After several frustrating re-entries to work, we reflect on what we’ve learned and how we can navigate a "new normal" workday. There’s no one roadmap to help us charter this unknown but one thought leader’s professional ramblings have struck a chord.
On a recent podcast episode of Brené Brown & Barrett Guille, they called going back to work in the office “The Great Awkward.” Awkward in so many ways because two years of living like a recluse can mess with one’s interpersonal skills. Brown, with this podcast, has given us a guidepost on how we, even with unsteady legs, can move forward.
Brown has pointed out that we are neuro-biologically hard-wired to be in physical connection with each other. For two years, however, we rewired our minds to think that a single handshake or a hug is now a gesture that could cost us our lives. We have learned to live at a distance – all 6 feet of it.
Come 2022, physically going back into our offices would be the easy part as we’ve been waiting to end the feeling of isolation and pressure of being everything all at the same time —especially for parents and those with partners. However, with the way we've been living and our persistent fear for our safety, expect to struggle when we now have to be in the same space as our colleagues.
It's going to be "weird." We will encounter another set of difficulties and challenges as we try to reconnect in a new way and be faced with a new reality that we will, for a time, still be untrusting of one another.
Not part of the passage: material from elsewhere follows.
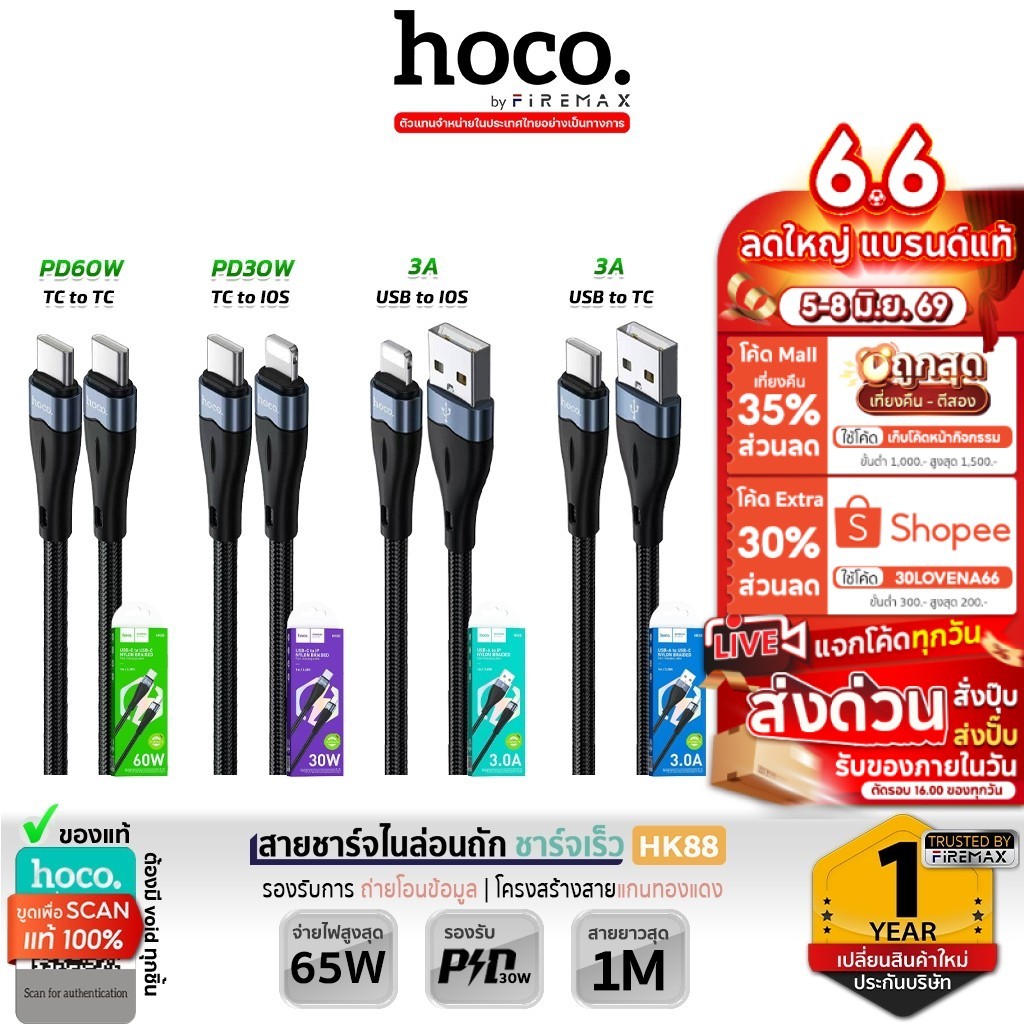 HOCO HK88 สายชาร์จ ไนล่อนถัก ชาร์จเร็ว TC-TC 60W / PD 30W /  Type-C 3A / iOS 3A ถ่ายโอนข้อมูลได้ hc7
If somebody coughs, a situation Brown and Guille gave as an example, who's to say no one in the office will be internally panicking the whole time? How do we communicate with employees who show up to work feeling a little sick? Can we openly tell them to go home and work without them taking any offense when we only try to mean well? From our perspective, how do we approach our clients? Do we go in for a handshake or a fist bump (or the occasional elbow bump)?
As Brown and Guille have emphasized, we have to start normalizing our inherent fear for our safety and the awkwardness that comes with openly communicating our fears without passing on judgment. This is the only way we can enable ourselves to find courage and show up for our peers.
It will be hard and it will not be pretty but as we learned from the podcast, any form of innovation requires the difficult and the ugly.
Here are our takeaways from Brown and Guille that can prevent us from becoming unhinged during this period of The Great Awkward:
We have to normalize the awkward
We all need to accept that everyone will have different ways of easing back into the office. Be honest and transparent about what feels comfortable at this time.
Put it in perspective; this is not going to last forever
Take comfort that this is not going to last forever. You are allowed to be cautiously optimistic about the future.
No one is going to do this gracefully
This pandemic did not come with a manual and no one really knows what they're doing… not your boss, your employee, your mom or her neighbor, and dare we say, the people in government. We don’t know what struggles other people are going through, so by rule of thumb, let’s be kind.